*Data for the task*.
"""
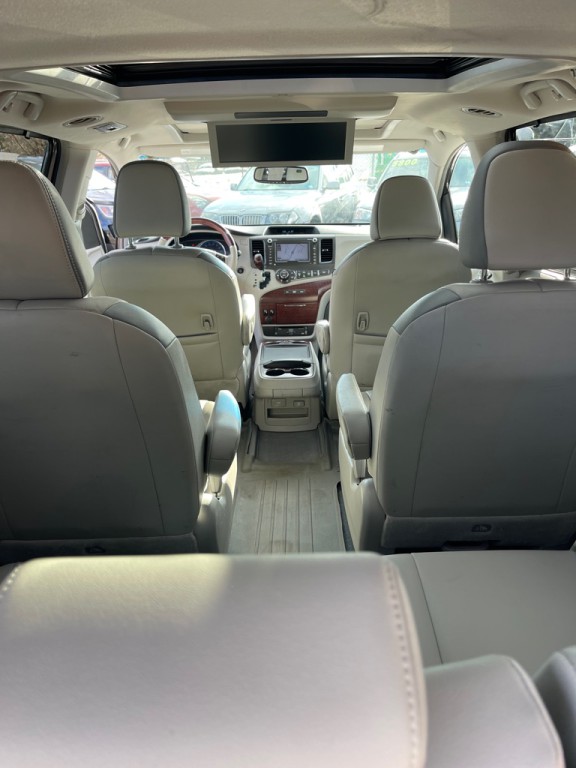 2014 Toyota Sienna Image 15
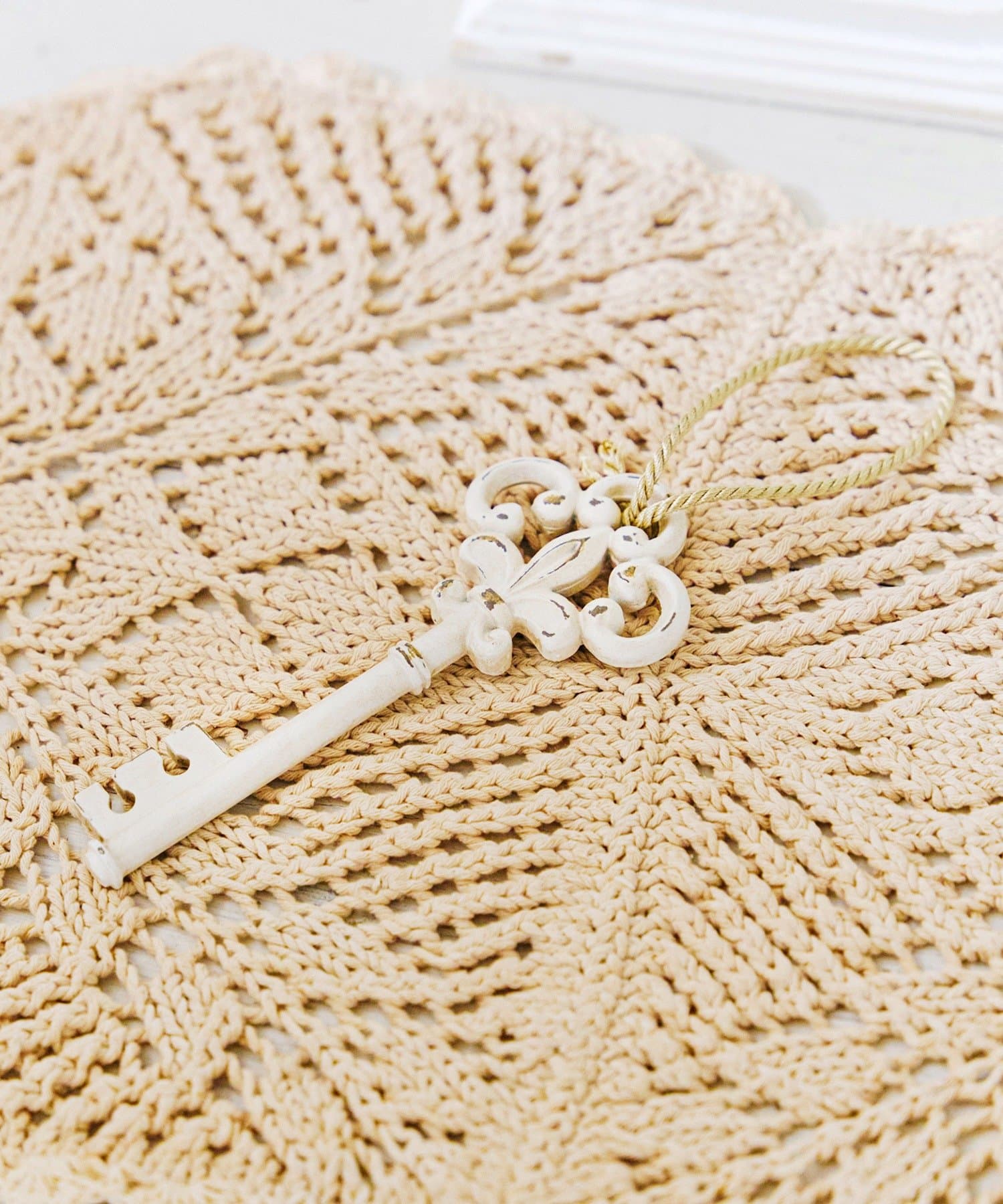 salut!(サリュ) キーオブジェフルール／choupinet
"""
"""
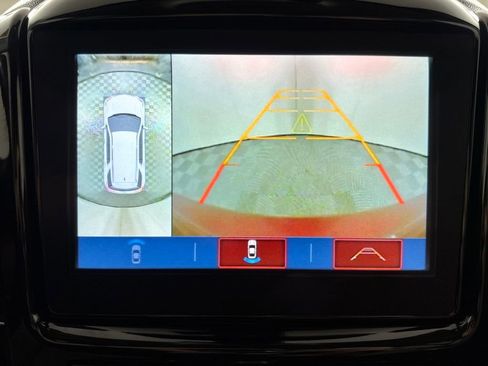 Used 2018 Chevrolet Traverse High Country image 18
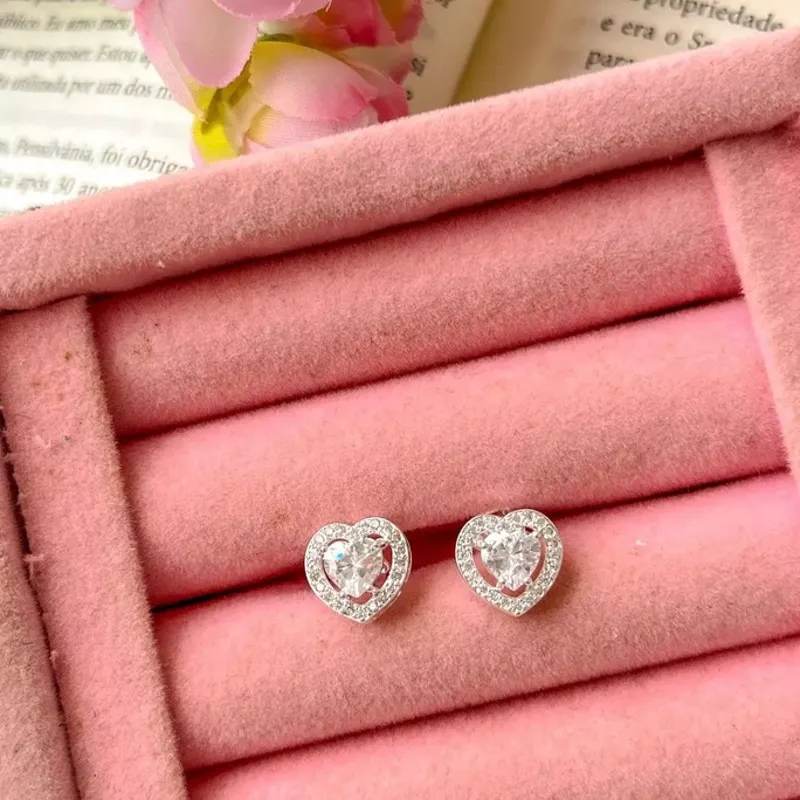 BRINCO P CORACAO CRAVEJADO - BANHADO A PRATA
"""
"""
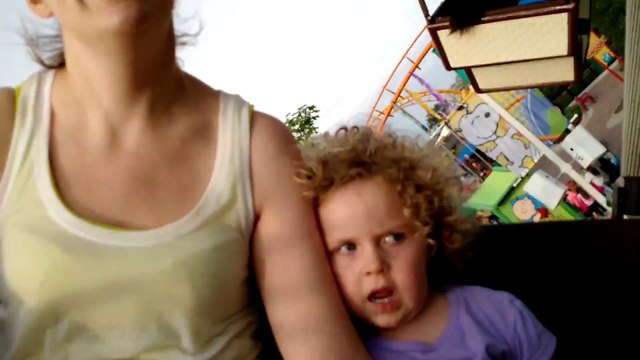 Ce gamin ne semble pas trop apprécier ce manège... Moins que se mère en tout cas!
"""
*What you have to do*. Write out word for word the lines above that run from the one with "2014 Toyota Sienna Image 15" to the one with "salut!(サリュ) キーオブジェフルール／choupinet". Include both end lines; exclude the images.

*Your response*.
 2014 Toyota Sienna Image 15
 salut!(サリュ) キーオブジェフルール／choupinet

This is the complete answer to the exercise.